(0) Obligation:
Runtime Complexity Relative TRS:
The TRS R consists of the following rules:
mergesort(Cons(x', Cons(x, xs))) → splitmerge(Cons(x', Cons(x, xs)), Nil, Nil)
mergesort(Cons(x, Nil)) → Cons(x, Nil)
merge(Cons(x', xs'), Cons(x, xs)) → merge[Ite](<=(x', x), Cons(x', xs'), Cons(x, xs))
merge(Cons(x, xs), Nil) → Cons(x, xs)
splitmerge(Cons(x, xs), xs1, xs2) → splitmerge(xs, Cons(x, xs2), xs1)
splitmerge(Nil, xs1, xs2) → merge(mergesort(xs1), mergesort(xs2))
mergesort(Nil) → Nil
merge(Nil, xs2) → xs2
notEmpty(Cons(x, xs)) → True
notEmpty(Nil) → False
goal(xs) → mergesort(xs)
The (relative) TRS S consists of the following rules:
<=(S(x), S(y)) → <=(x, y)
<=(0, y) → True
<=(S(x), 0) → False
merge[Ite](False, xs1, Cons(x, xs)) → Cons(x, merge(xs1, xs))
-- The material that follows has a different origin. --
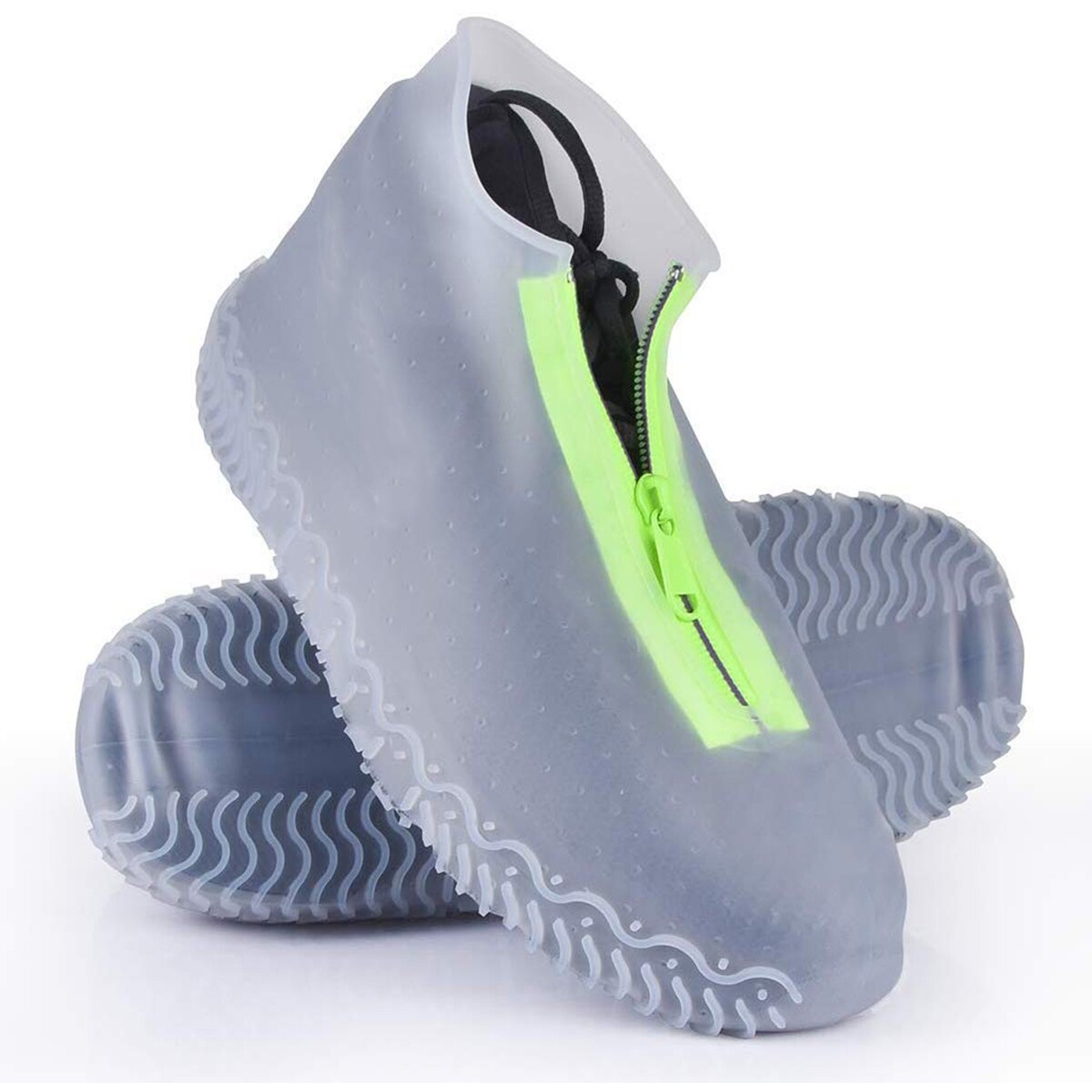1 par vandtætte skoovertræk, der kan genanvendes foldbart skridsikkert silikone regnskodæksler med lynlås til udendørs aktiviteter: Klar / M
merge[Ite](True, Cons(x, xs), xs2) → Cons(x, merge(xs, xs2))
Rewrite Strategy: INNERMOST
(1) DecreasingLoopProof (EQUIVALENT transformation)
The following loop(s) give(s) rise to the lower bound Ω(n1):
The rewrite sequence
merge(Cons(0, xs'), Cons(x, xs)) →+ Cons(0, merge(xs', Cons(x, xs)))
gives rise to a decreasing loop by considering the right hand sides subterm at position [1].
The pumping substitution is [xs' / Cons(0, xs')].
The result substitution is [ ].
(2) BOUNDS(n^1, INF)